Sustainability: Examining the Survival of Schools’ Comprehensive School Reform Efforts

Abstract

One of the greatest challenges, if not the greatest challenge, to comprehensive school reform (CSR) is sustaining reform over a time period long enough to produce substantial effects. By examining how comprehensive school reformers complete their life course, this paper highlights the importance of studying sustainability as well as the importance of being clear about what is being sustained. It is critical to distinguish between a sustained reform relationship and sustained implementation of a reform. We examine a sample of 395 urban, disadvantaged, low-achieving elementary and middle schools using CSR in 2001–2002 and find that nearly one third of these CSR schools ended their relationships with their model developers by the end of 2003–2004. However, the remaining two thirds of schools have successfully sustained a reform relationship for more than 3 years, and in some cases more than a decade.
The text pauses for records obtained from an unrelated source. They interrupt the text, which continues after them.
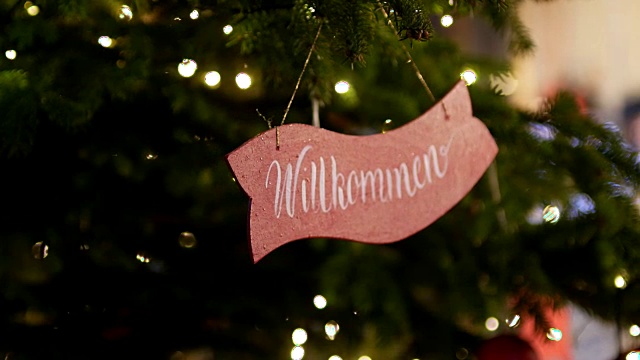 克拉科夫的圣诞树上挂着一块牌子，上面写着欢迎的字样，翻译成德语视频素材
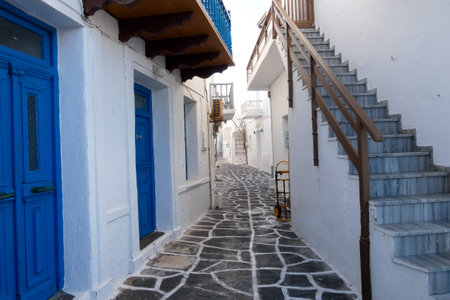 Local man walking away on a narrow cobblestone street in Paros town, Greeceの写真素材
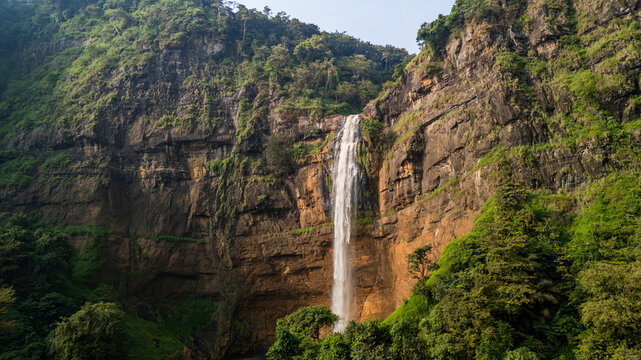 Aerial view of Cikanteh Waterfall cascading down a steep rocky cliff surrounded by lush tropical forest Sukabumi, West Java, Indonesia.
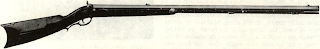 First rifle often pictured in Remington literature is actually percussion half-stock American sporter of 1840's and was made several decades after Eli Ir. founded gun firm. Cheekpiece on right as well as left of stock is sometimes found on Remingtonbuilt early rifles.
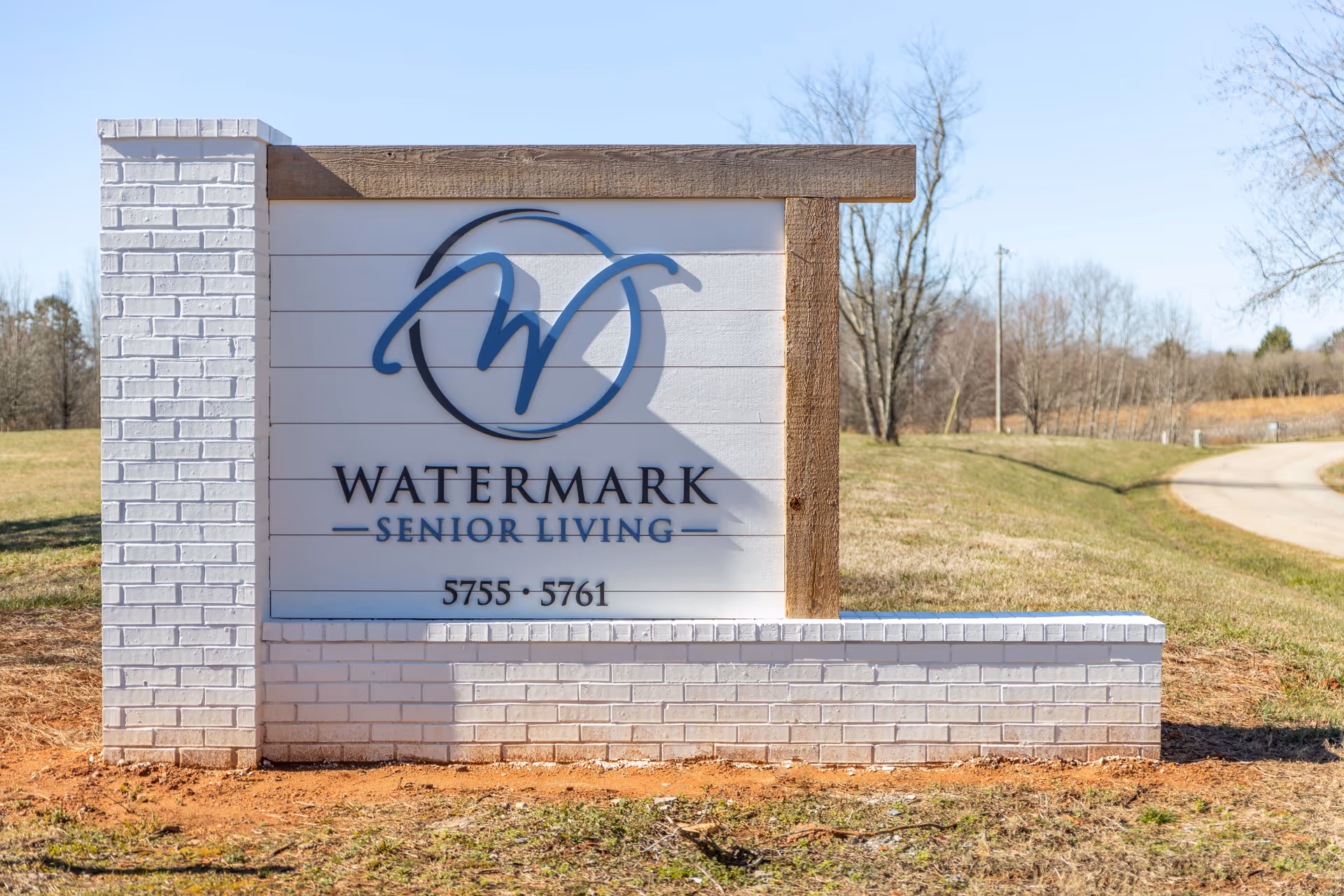 A freestanding white brick entrance sign with a blue circular 'W' logo that reads 'Watermark Senior Living' beside a curved roadway.
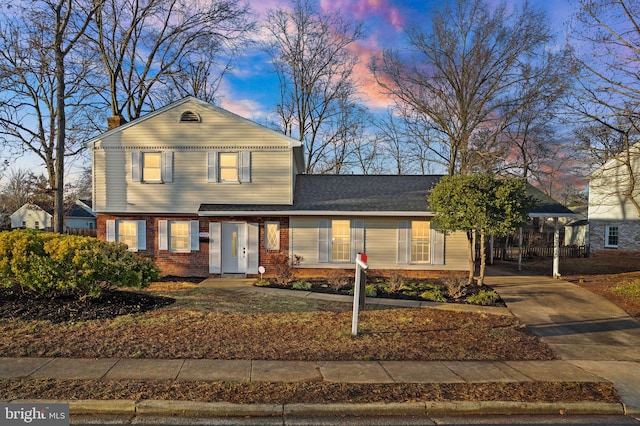 view of front facade with a carport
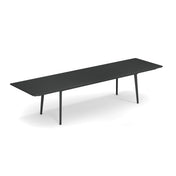 A long, modern black Plus4 Extension Table with four slim legs, shown on a white background. This sleek, minimalist rectangular extension table features visible seams, suggesting it is extendable, perfect for both outdoor and indoor spaces.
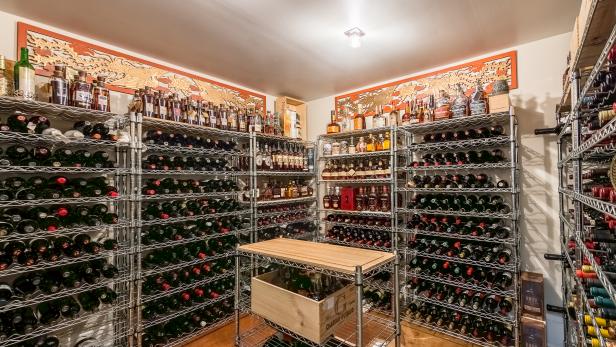 Wine Room at Home with Industrial Stainless Steel Shelving 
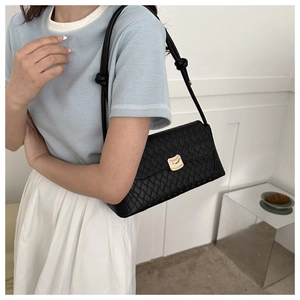 Quilted black baguette shoulder bag with gold clasp and knot detail on the strap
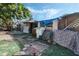 Run down backyard with weathered exterior, including a washing machine and old furniture at 1136 Lakewood Park Dr, Daytona Beach, FL 32117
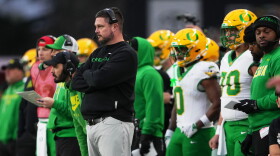 Oregon head coach Dan Lanning and players on the sidelines.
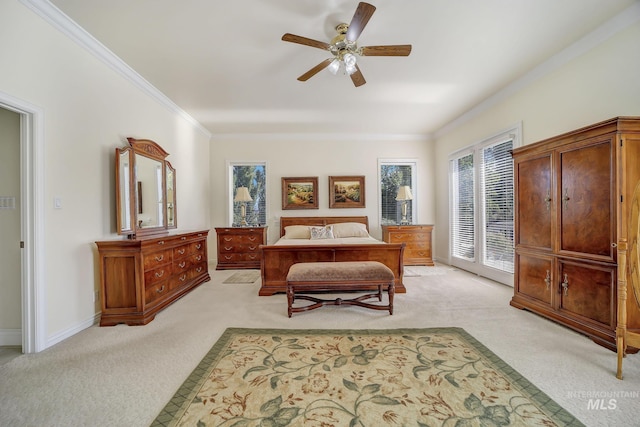 carpeted bedroom with ceiling fan and crown molding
The results of Analysis I indicate that 11 risk factors for discontinuing a reform relationship operate in combination to dispose schools toward dropping their CSR affiliation. Resolving faculty retention problems and providing professional development supports for the CSR effort appear to be the most significant of this interrelated set of sustainability factors. Analysis II shows that although dropping a CSR model affiliation is significantly related to decreases in implementation fidelity, the magnitude of the decrease is relatively small. Without a precipitous decline in implementation due to dropping, it is clear that many schools that formally drop their affiliation with a reform developer must still be sustaining many of the practices prescribed by the CSR model developers. Therefore, in many urban, disadvantaged, low-achieving schools, the influence of CSR models can live beyond the formal discontinuation of the reform relationship.